为了通信联络,在深山老林的秘密交通线上,通信员身藏信件、奔走在高山峡谷之中。他们是抗日队伍中最受上级信任的战士,有着对抗日军队无限的忠诚,胆大心细,机智勇敢,宁可冻掉脚趾也要把信送到,一旦遭遇敌人,他们就把信吞下肚子,宁愿牺牲也不会透露半点秘密。
王德泰与周保中是挚友,交情深厚、互相信赖。在信的开头,王德泰写到:“第五军长周保中同志:你来的信早已收到,因为要等党委负责同志回来,给你写回信,所以迟延至今。但是直到现在党负责同志还未回来,只好由我个人的意见答复你。”
二军和五军并肩战斗,这是东满特委、吉东特委的决定。信的开头称呼职务和同志,表明两人的书信来往是遵照党的要求进行的。一封回信,说明要等党委负责同志来写,可见抗日军队对书信往来的重视。信中的答复是个人意见,表明两人的友谊光明磊落、真实诚挚,毫无保留。
“士有诤友,则身不离于令名。”王德泰和周保中就是诤友。在信中,王德泰强调:“对于进攻安图问题,不应看成二军自己的任务,一二五军应共同设法集中相当的力量,使此任务早日完成。军政治部主任李同志已率二团二三连赴南满找第一军军部,讨议对安图问题的解决,至今尚未回来。现在敌人‘讨伐’又将开始,恐此计划今年又不能实现,只好等着明年,扩大范围的去进行这一工作。至于安图环境,明年是否能变动,这是不可预料的。”
襟怀坦白,实话实说,字里行间跃然纸上。直截了当的表达不同意见,以实事求是的态度交换意见,这是两位军长互为诤友的真实体现,可见两人的胸襟和品格。

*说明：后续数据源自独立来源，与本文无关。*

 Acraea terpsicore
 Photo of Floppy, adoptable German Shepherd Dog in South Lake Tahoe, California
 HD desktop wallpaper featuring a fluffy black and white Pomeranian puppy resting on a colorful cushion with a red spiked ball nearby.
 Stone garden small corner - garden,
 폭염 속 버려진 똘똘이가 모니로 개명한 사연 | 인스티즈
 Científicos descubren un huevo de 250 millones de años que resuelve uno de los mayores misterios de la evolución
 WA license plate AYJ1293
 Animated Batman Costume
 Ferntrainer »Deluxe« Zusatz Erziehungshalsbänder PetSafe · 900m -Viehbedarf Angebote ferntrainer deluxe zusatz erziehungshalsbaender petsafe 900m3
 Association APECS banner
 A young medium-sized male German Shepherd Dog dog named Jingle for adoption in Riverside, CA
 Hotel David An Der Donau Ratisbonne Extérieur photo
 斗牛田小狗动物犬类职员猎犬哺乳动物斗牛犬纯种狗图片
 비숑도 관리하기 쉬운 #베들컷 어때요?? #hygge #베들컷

“其后每相见,则每至於争;而一日不见,则又未尝不相思。盖古之所谓益友者如此。”王德泰与周保中的友情可谓良师益友。王德泰在信中写道:“敌人在今夏表现了专打山林队不打人民革命军的策略,而现在敌人却又喊出专打人民革命军,不打山林队的挑拨蛊惑的反动政治口号。这样的奸险政策,敌人在去冬曾得到了相当的效果,许多落后的山林队不敢和人民革命军接近。因为日本专打人民革命军,曾以老四海为首投降,数百人送给日本缴械抹脖子。现在在敦化又有投降的举动,对于这些个不彻底、叛变的部队,我们一定要尽可能的用武力处置他们。当然这些山林队是因为无法过冬,想暂时维持现状,但在客观上是给敌人很大的帮助。”
做为第二军军长,在信中提出武力处置抗日不彻底、有叛变投敌行为的山林队,指出山林队消极抗日是在帮助敌人,用实际斗争经验对第五军的统战工作提出建议和警示,正是益友所为。

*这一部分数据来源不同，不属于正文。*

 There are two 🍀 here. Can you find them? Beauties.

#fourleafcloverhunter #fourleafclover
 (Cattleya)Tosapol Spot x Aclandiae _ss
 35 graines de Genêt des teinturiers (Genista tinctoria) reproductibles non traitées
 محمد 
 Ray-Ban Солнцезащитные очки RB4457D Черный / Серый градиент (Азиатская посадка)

“是以青衿必于城阙,议论必于乡校,闻见广则聪明辟,胜友多而学易成。”王德泰与周保中是真正的胜友。王德泰在信中写道:“你来信指了的那些活动地点,在今年大半年中除了汉窑沟外,已经完全活动了。在这些活动范围中,群众表现了热烈的欢迎与拥护,并且都盼我们快快占领安图。”
周保中军长有着丰富的军事知识和斗争经验,信中可见,他指明的二军活动地点是有效的,是有利于二军发展的。王德泰军长是按照周军长的意见率部活动的,得到了群众的欢迎和拥护。互相指点,共同奋斗,不断成长,胜友之间的友情是成全朋友、提高自己,友谊之花愈发鲜艳。
他们是知友,互相了解、情深意切。王德泰在信中写道:“你派来的通信员刘同志来到这边已经过期。你给齐永泉、马经东、常主任等信未经过我们的关系,是刘自己送去的。应叫东满远征队急速回来,以后我们的交通关系更应密切。刘同志回去,已经过期,这应由我负责,与他无关。”